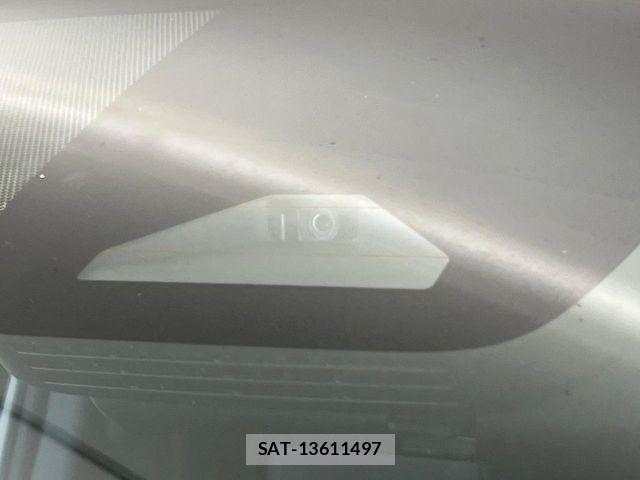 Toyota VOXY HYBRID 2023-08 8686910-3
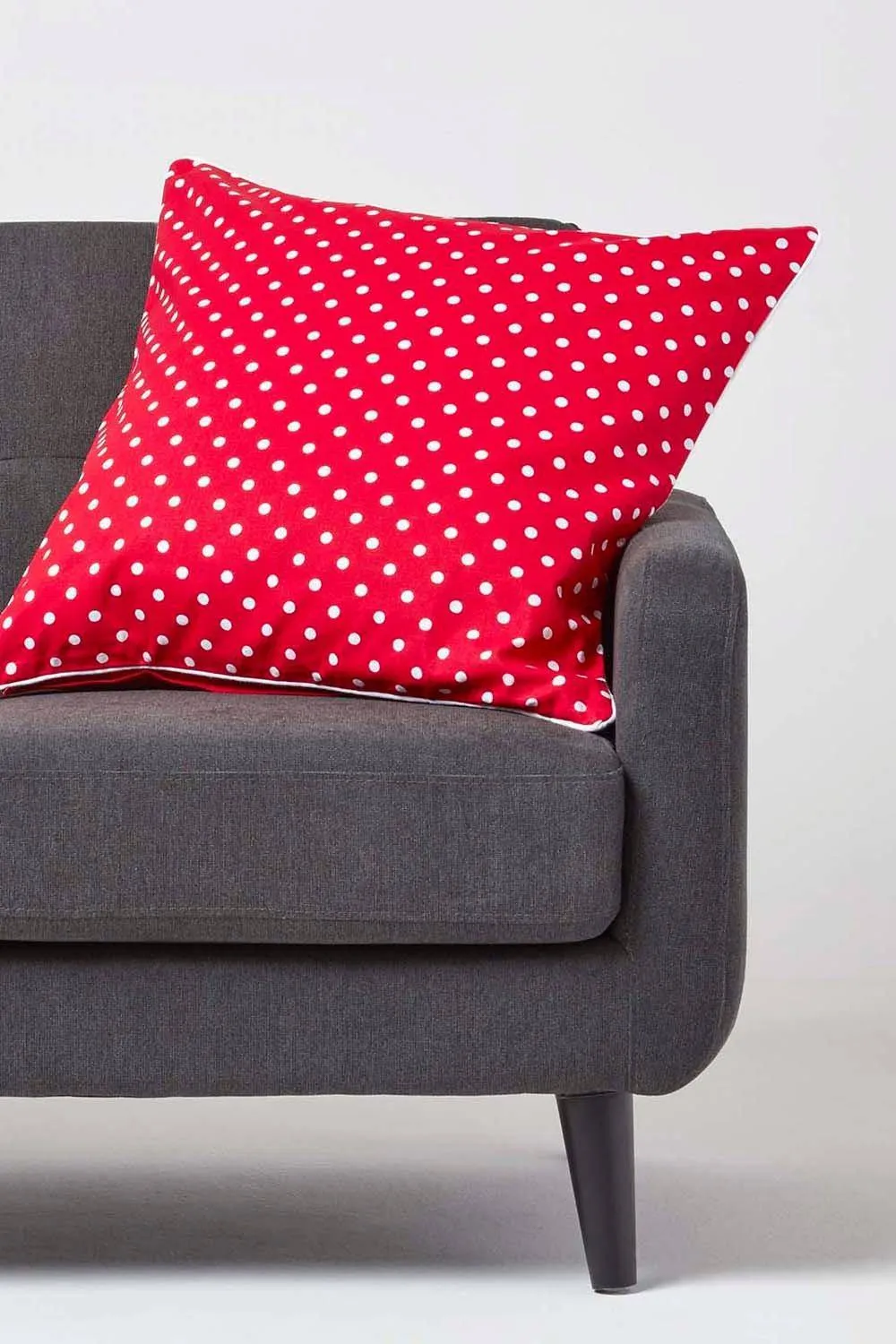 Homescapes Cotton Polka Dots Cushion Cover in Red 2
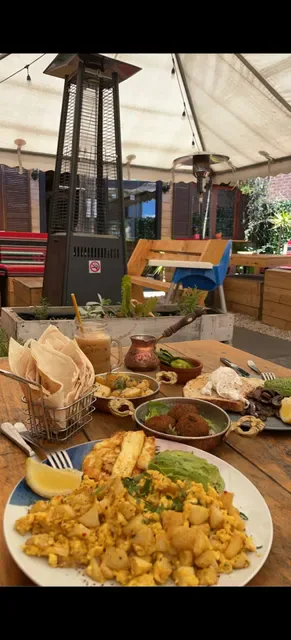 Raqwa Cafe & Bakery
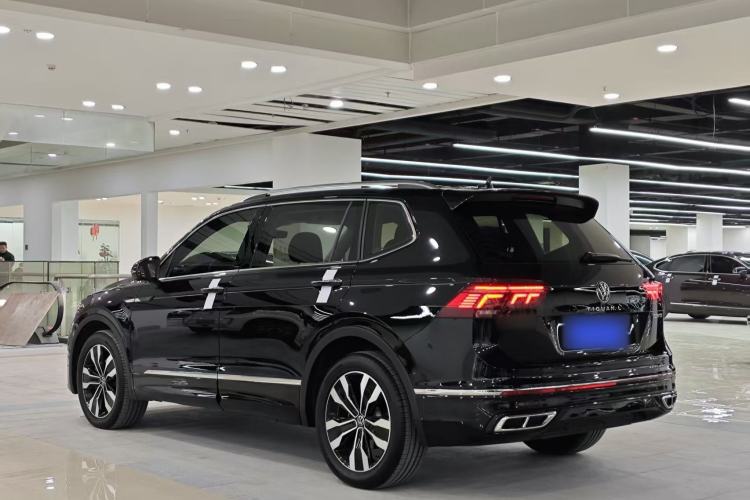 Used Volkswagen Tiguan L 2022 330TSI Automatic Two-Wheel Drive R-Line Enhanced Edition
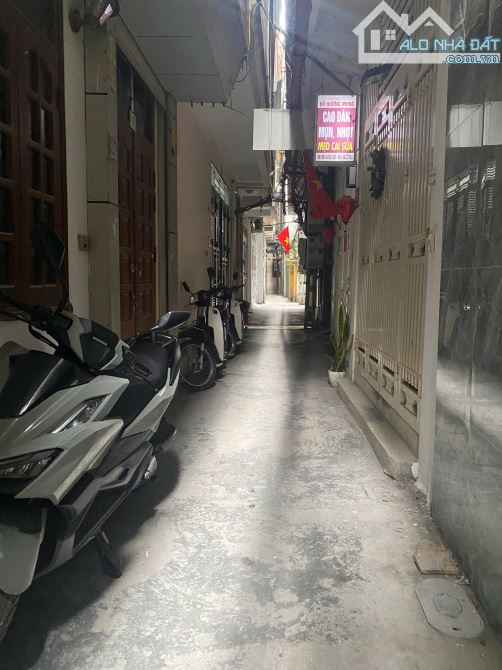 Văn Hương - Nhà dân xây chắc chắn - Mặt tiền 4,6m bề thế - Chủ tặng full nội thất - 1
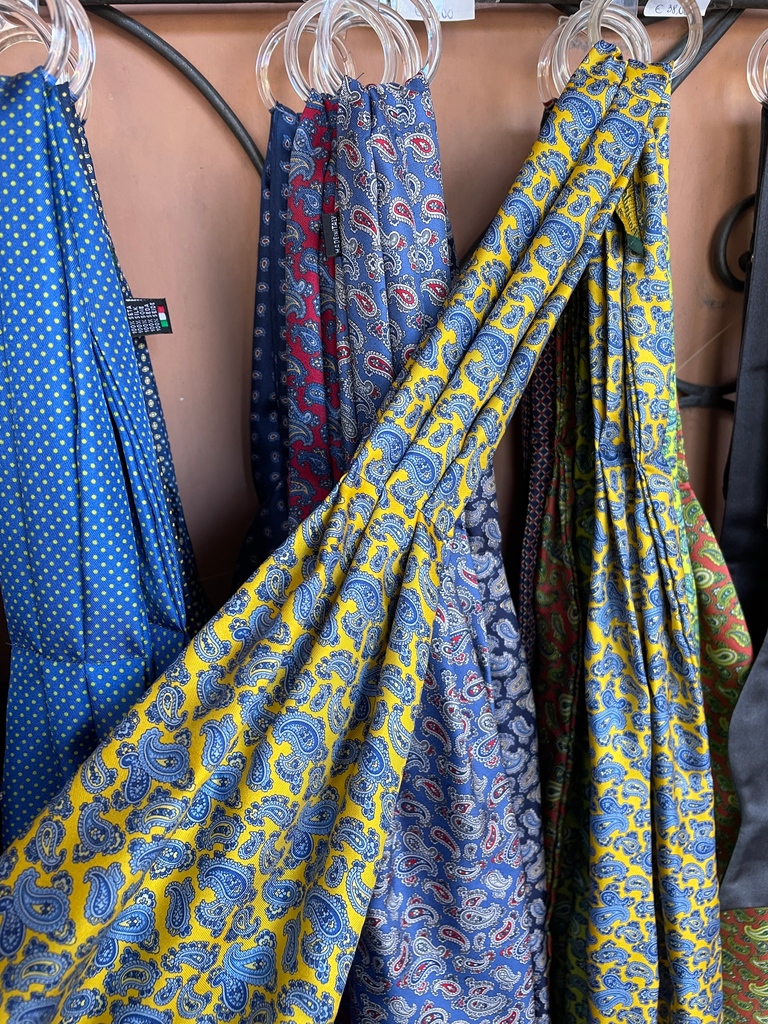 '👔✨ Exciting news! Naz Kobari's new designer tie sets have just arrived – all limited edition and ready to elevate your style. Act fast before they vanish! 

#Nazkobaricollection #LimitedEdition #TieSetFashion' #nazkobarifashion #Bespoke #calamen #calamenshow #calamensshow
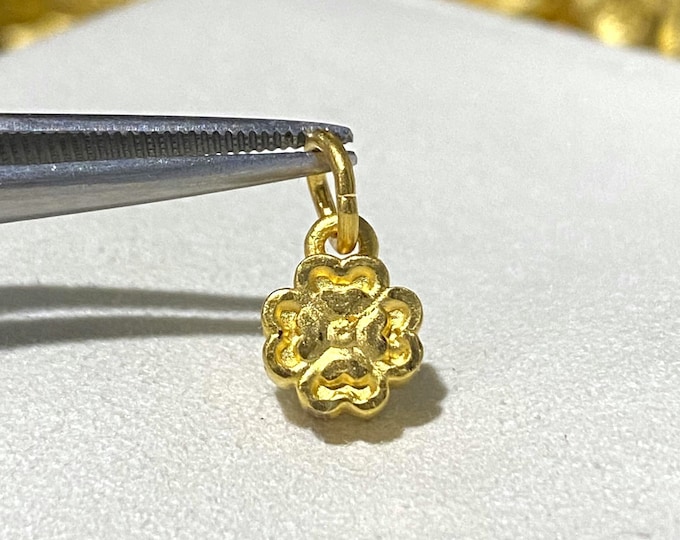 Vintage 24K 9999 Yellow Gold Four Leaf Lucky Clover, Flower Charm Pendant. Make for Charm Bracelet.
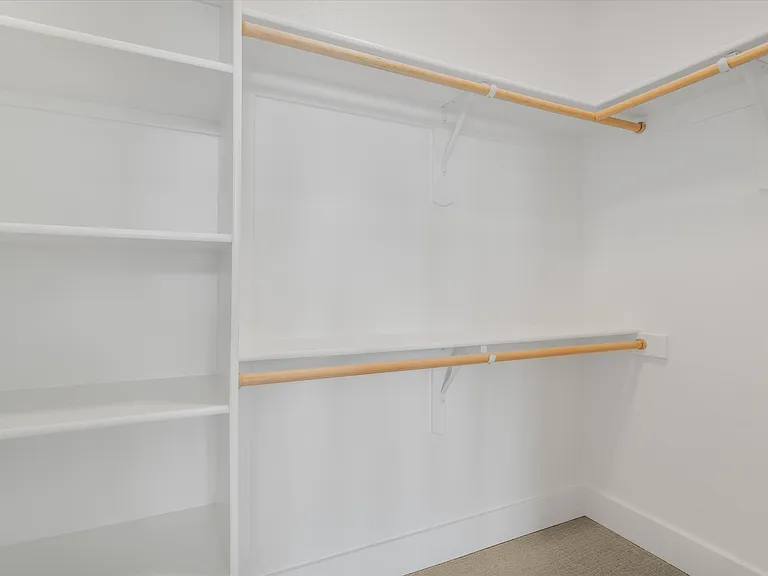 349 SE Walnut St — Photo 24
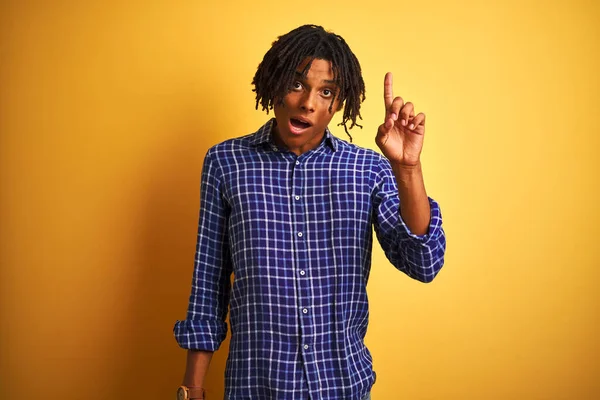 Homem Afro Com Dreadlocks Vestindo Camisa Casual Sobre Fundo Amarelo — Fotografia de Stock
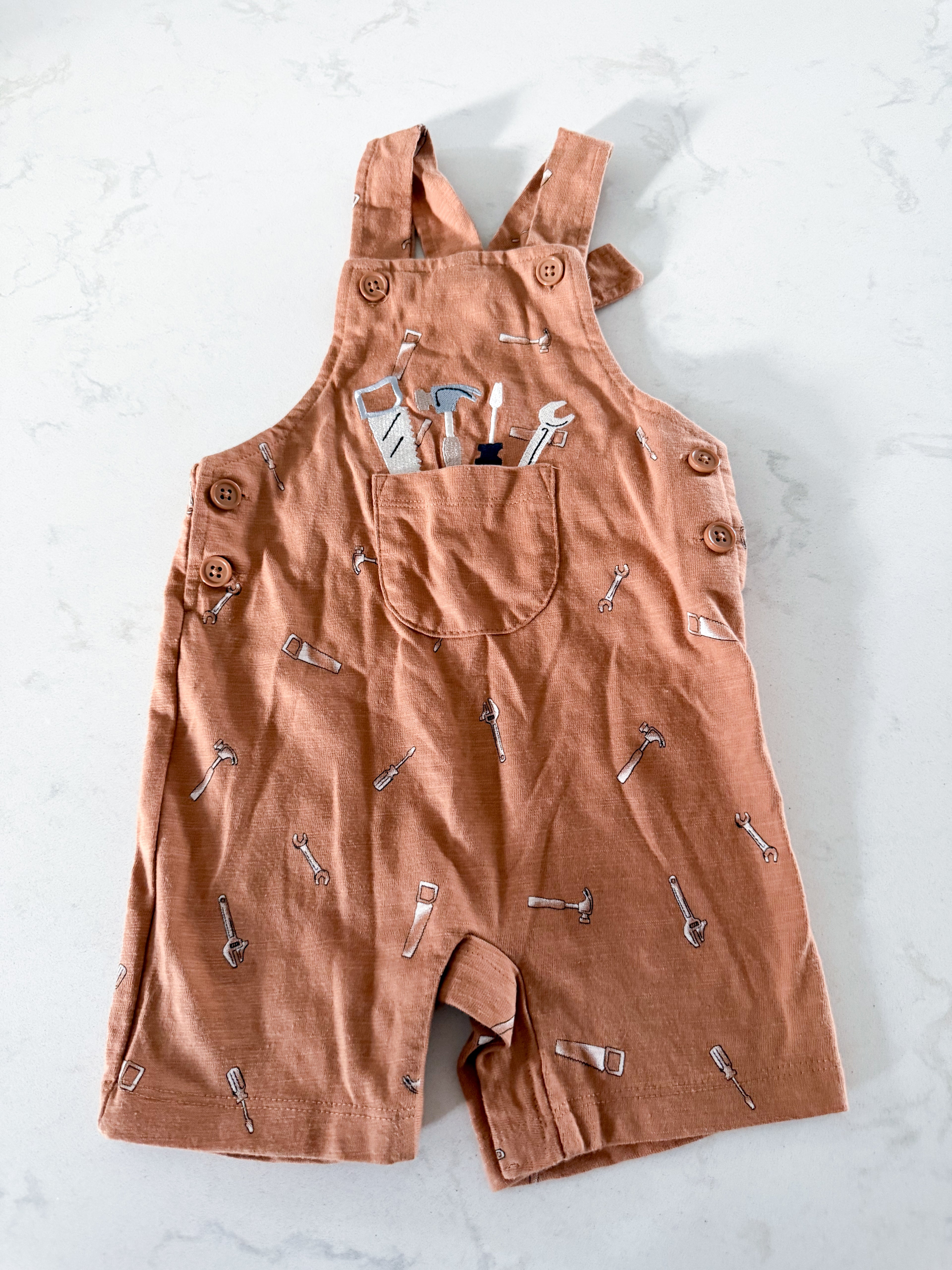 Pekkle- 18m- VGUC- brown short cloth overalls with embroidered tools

**Work to be completed**
Reproduce only the lines from the first line of the listing above up to and including the line that holds "#Nazkobaricollection #LimitedEdition #TieSetFashion'". Omit the pictures.

**Reply**
 Toyota VOXY HYBRID 2023-08 8686910-3
 Homescapes Cotton Polka Dots Cushion Cover in Red 2
 Raqwa Cafe & Bakery
 Used Volkswagen Tiguan L 2022 330TSI Automatic Two-Wheel Drive R-Line Enhanced Edition
 Văn Hương - Nhà dân xây chắc chắn - Mặt tiền 4,6m bề thế - Chủ tặng full nội thất - 1
 '👔✨ Exciting news! Naz Kobari's new designer tie sets have just arrived – all limited edition and ready to elevate your style. Act fast before they vanish! 

#Nazkobaricollection #LimitedEdition #TieSetFashion' #nazkobarifashion #Bespoke #calamen #calamenshow #calamensshow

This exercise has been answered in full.